Dans l’Ouest américain, l’histoire et ses fardeaux sont enfouis dans des tombes peu profondes, prêtes à être déterrées. En cette fin de juin, le site de Little Bighorn, situé dans un paysage dramatique de nuages noirs fendus par des éclairs de soleil, est le théâtre de commémorations intenses. Les descendants des guerriers des Plaines se rassemblent pour honorer leurs ancêtres et préserver leur héritage culturel. Ces rassemblements soulignent la résilience et la détermination des communautés amérindiennes à ne pas laisser leur histoire être effacée.
Rusty Lafrance, un jeune homme au visage couvert de peinture de guerre rouge sang, monte son cheval à cru. Sur ses jambes nues, des points de peinture blanche recouvrent des tatouages, tandis que son pagne de guerrier, orné d’une boucle de champion de relais indien, capte la lumière.
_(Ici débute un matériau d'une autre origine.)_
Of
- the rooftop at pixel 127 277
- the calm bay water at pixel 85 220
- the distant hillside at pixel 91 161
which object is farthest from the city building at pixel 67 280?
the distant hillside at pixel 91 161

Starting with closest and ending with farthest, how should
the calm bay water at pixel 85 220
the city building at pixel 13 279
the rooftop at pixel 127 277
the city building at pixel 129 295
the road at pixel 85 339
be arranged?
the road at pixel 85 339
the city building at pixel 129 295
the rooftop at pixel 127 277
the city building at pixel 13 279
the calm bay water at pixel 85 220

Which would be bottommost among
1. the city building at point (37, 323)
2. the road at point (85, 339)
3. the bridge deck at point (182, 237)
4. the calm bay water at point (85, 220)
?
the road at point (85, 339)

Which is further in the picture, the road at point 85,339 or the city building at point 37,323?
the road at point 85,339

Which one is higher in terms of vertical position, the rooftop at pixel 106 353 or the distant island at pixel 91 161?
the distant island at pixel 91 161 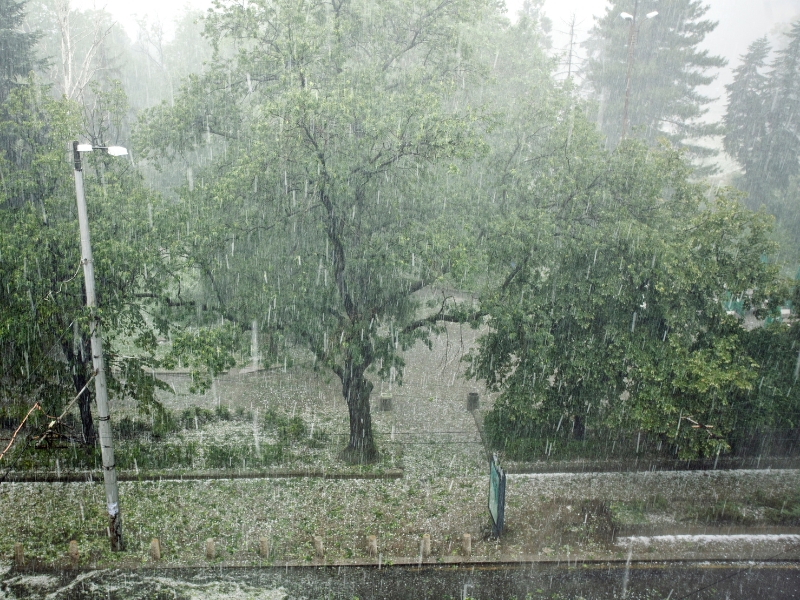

Autour de lui, d’autres jeunes se préparent, l’atmosphère chargée de fierté et de détermination. Ces rituels rappellent la force et la spiritualité qui ont animé les guerriers amérindiens face à l’adversité. La bataille de Little Bighorn, bien qu’ancienne, continue d’être un symbole puissant de résistance et de mémoire collective pour de nombreuses tribus.